When I was 16, I fell in love with Norway and promised myself I’d move here some day. And here I am, living in Norway for more than two years now. I achieved one of my life goals. I fulfilled one of my dreams. Honestly, I never realized how big of a deal that is, until now. But thinking of it makes me feel proud and happy, and hopeful.
If I managed to achieve one big goal, in a period where I was feeling particularly bad, then I’ll definitely be able to fulfill my other dreams as well.
And I’m looking around me, and the worst-case scenarios have turned silent. They’re still here, I’m still thinking of all the things that could go wrong, but they’re no longer scaring me. I’m no longer afraid to try and achieve my dreams. I see opportunities now, and positivity, and beauty, and best-case scenarios.
I can see what scares me, but I also see that those worst-case scenarios are just potential outcomes that I overthink because of my anxiety. In reality, there are many more best-case scenarios that are just as likely, or even more likely, to happen. I can make my dreams come true if I believe in them and fight for them.
I’ll never be able to experience the good dreams if I’m too afraid of my nightmares to close my eyes. I can choose to stay awake, feeling tired and worn out, because I don’t want to risk ending up in a nightmare, or I choose to relax and experience the most beautiful dreams.
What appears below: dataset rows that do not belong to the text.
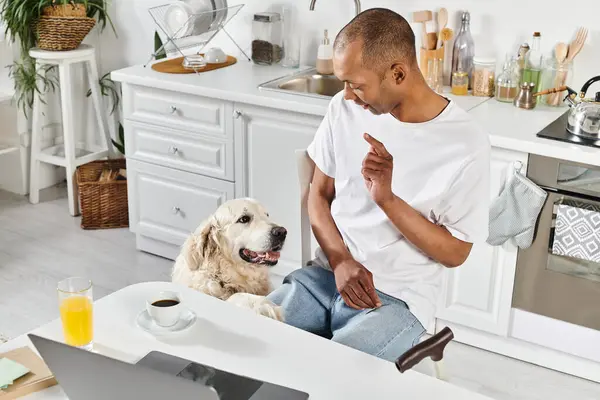 Ein Afroamerikaner mit Behinderung und sein Labrador Retriever genießen einen gemeinsamen Moment in einer gemütlichen Küche. — Stockfoto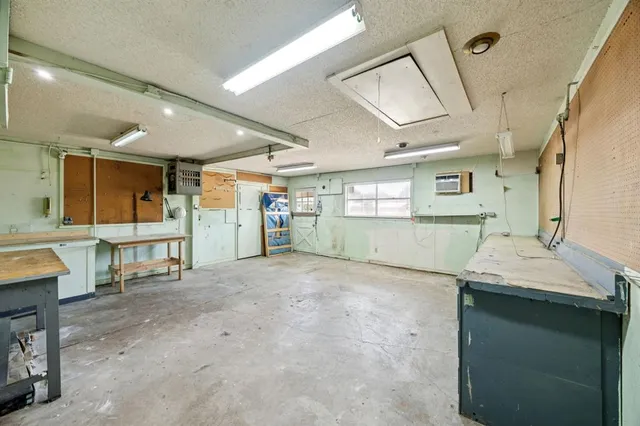 a view of a bathroom with sink shower and mirror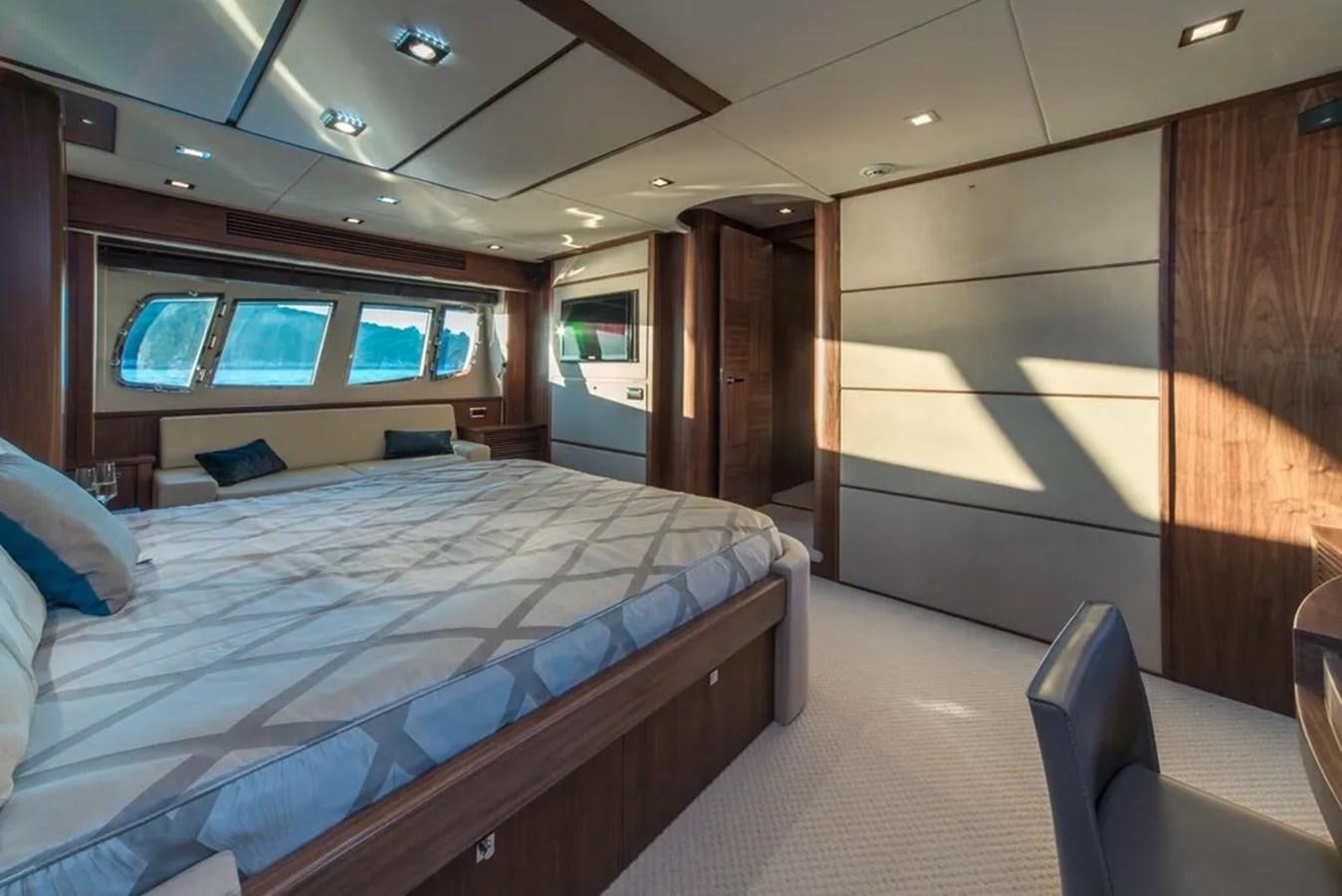a room with a bed and a window aboard SUNSEEKER 84 Yacht for Sale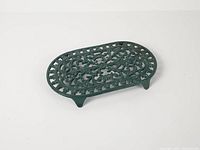 Top view of green enameled oval cast iron trivet showing openwork pattern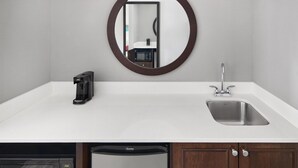 A modern kitchen with a white countertop, a built-in dishwasher, a coffee maker, a sink, and a mirror with a dark frame. - Hampton Inn & Suites Parsippany/North (Parsippany)
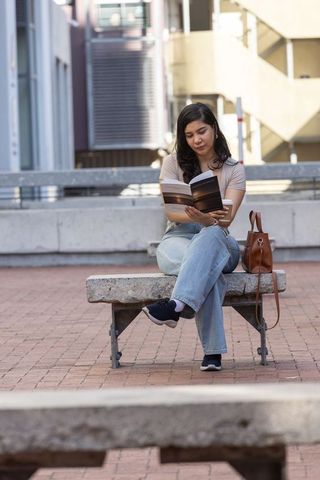 Woman reading paperback on urban bench with coffee and leather handbag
Anxiety made me only see the nightmares and filtered out all the nice dreams. I forgot it was possible for things to go right, I didn’t realize it. I didn’t believe in it. And I was convinced I would have to live my life failing and being afraid and anxious.
But right now I can see so much more positivity and opportunity and beauty, and I remember what life can be like. And that gives me hope and strength to continue. I can see so much more now. I’m no longer afraid of trying to achieve my dreams.
I think I’m doing better now.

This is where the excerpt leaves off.